The New York City housing market is a shitshow. It favors the rich, the plentiful at the expense of largely the people who've made this city what it is culturally—immigrants, renters, working class people black, brown, Asian, and white too. This is very well known, but I'm not sure many of us who either don’t live there or who live through that struggle see how massive the inequity is when you look at it from the bigger picture. Cringy title aside, Slumlord Millionaire pulls zero punches outlining that, the rage and unflinching hope for justice NYC residents yearn for.

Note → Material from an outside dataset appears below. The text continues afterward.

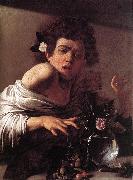 Caravaggio Boy Bitten by a Lizard f oil painting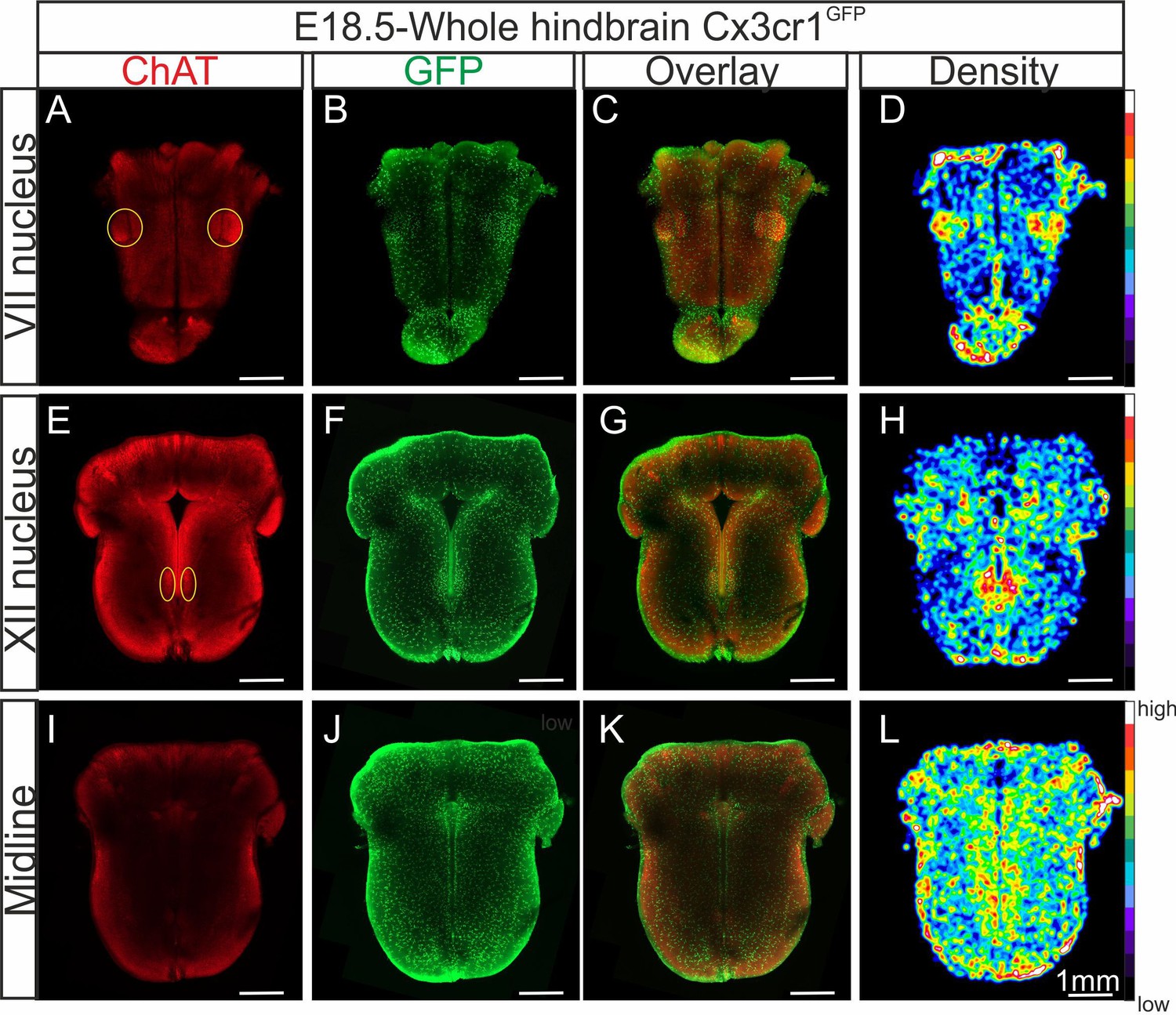 Microglia Shape The Embryonic Development Of Mammalian Respiratory ...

Across five boroughs, the film passes through the lives of these everyday New Yorkers, their hurdles examined and felt, deeply, out through the screen. The Bravo family and their 15 year battle against devious landlords; Chinatown residents priced out for luxury towers; city council hopeful Moumita Ahmed whose housing plans were ravaged by real estate billionaires; former supermodel Janina Davis and the many other black building owners who get their residences swindled out from under them by fraudsters. Documentarians Steph Ching and Ellen Martinez place these stories under a microscope so as to zoom out into the macro of what they actually mean in conversation with each other, systematically speaking. 

We get glimpses into how taxing it can be for these families and individuals, the process of keeping records, receipts (sometimes duffel bags full of them) for court dates that might not come, or of the very aggressive measures landlords take—ignoring repairs, switching off the heat and gas, etc—to make a profit and block out someone's generational livelihood. Checks and balances are exposed for its failures and the toll incurred by human beings trying to live where larger powers see a personal playground. For the older generation it's a fitful reminder of how precarious housing is. And for the younger gen, in a time when TikTok feeds filter the New York experience as an aspirational fantasy, something like Slumlord Millionaire is essentially invaluable by exposing the faultlines, the sinewy anatomy of folks in between the “aesthetic”.

Gentrification is an easy catch all for any issue of housing going on through the boroughs, it's applicable, but it often obscures the severe layers of abuse that go on citywide: price gouging in Chinatown, gerrymandering in Jamaica, Queens, tenant abuse in Sunset Park, the deed theft all across Brooklyn. The doc is smart enough to notice the forest for the trees without denying the trees their time in the sun to soak in the individual costs the rent crisis has created. Not just systems and statistics: it’s real people in flux, these are whole communities in trouble. Ching and Martinez visualize how expensive racism is through the anecdotes, residents whose day to day are screwed up magnificently for billions of dollars the city will just fumble to keep up these disparities between class, race, monetary lines. Nevertheless it's an invigorating film, because no matter the pain or suffering, it still ends on as much a note of action as it can: people will fight, people will thrive, they will throw hands for the safety they deserve in their own homes. Housing is a human right, unequivocally.

Catch it when you can, in U.S. theaters June 6th.